Does technical analysis work in equity markets around the globe? In the July 2008 version of their paper entitled “Technical Analysis Around the World: Does it Ever Add Value?”, Ben Marshall, Rochester Cahan and Jared Cahan apply bootstrapping techniques to investigate the profitability of 5,806 technical trading rules (filters, moving averages, support and resistance analyses, and channel break-outs) in the 23 developed and 26 emerging equity markets that comprise the Morgan Stanley Capital Index (MSCI). Using daily data for all 49 markets over the period 2001-2007, they conclude that:
- There is weak evidence that technical trading rules perform better in emerging markets than developed markets. Across all emerging (developed) markets the average numbers of rules that are nominally statistically significant at the 1%, 5% and 10% levels are 90 (41), 395 (220) and 791 (492), respectively.
- Among emerging (developed) markets, Korea (Japan) has the fewest number of statistically significant rules, while Indonesia (Portugal) has the most.
- There is some evidence that long (short) trades are more profitable in emerging (developed) markets.

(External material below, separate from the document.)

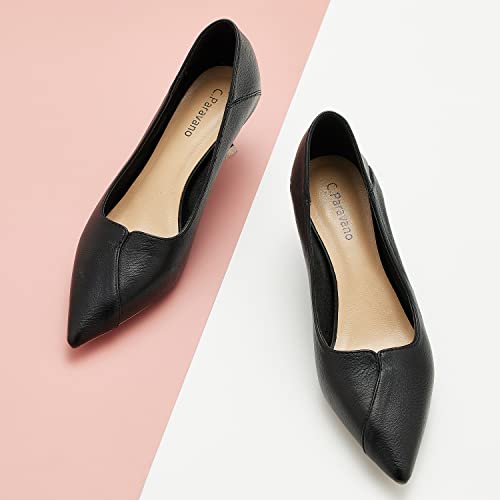 C.paravano Black Pumps I Women's Pumps I Kitten Heels I Elegant Pumps I Two Layers Point-Toe I Comfortable Stiletto Heels 5.5Cm (Black,39) #TOP1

- However, after accounting for data snooping bias, technical analysis is not reliably profitable in any of the 49 MSCI countries, even before trading frictions. (See the example below.)

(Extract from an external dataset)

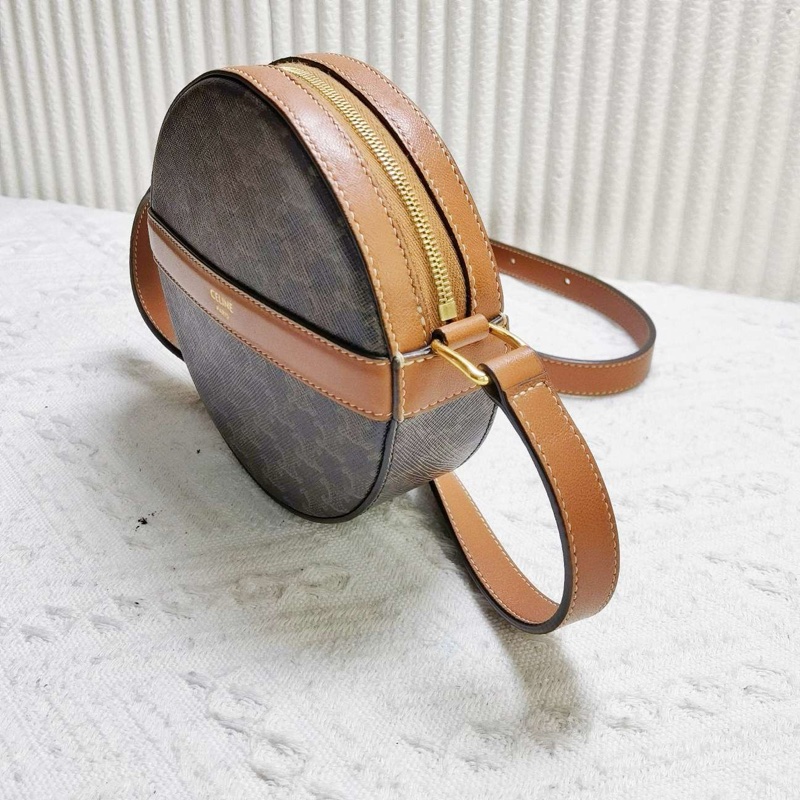 Celine賽琳老花圓餅包斜挎包 尺寸：14*3.5*13.5 肩帶 配件：塵袋-2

The following chart, taken from the paper, illustrates for the best performing rule across all developed markets the rapidity with which data snooping bias degrades the nominal statistical significance of mined technical trading rules. The vertical axis (White p-value) is a measure of statistical significance, adjusted for data snooping bias, ranging from very low values (highly statistically significant) to high values (highly insignificant). The horizontal axis (Rule Number) is the number of rules mined to find the rule.
Before any adjustment for data snooping (Rule Number = 1), this best rule is highly statistically significant. However, if the rule discovery exercise mined six or more rules, accounting for data snooping bias renders the rule insignificant at the 10% level. In fact, the rule discovery exercise mined 5,806 rules, and accounting for data snooping bias renders this best rule highly statistically insignificant.
In summary, after accounting for data snooping bias, technical analysis does not reliably offer value as a standalone market timing method in any of the 49 MSCI country equity markets.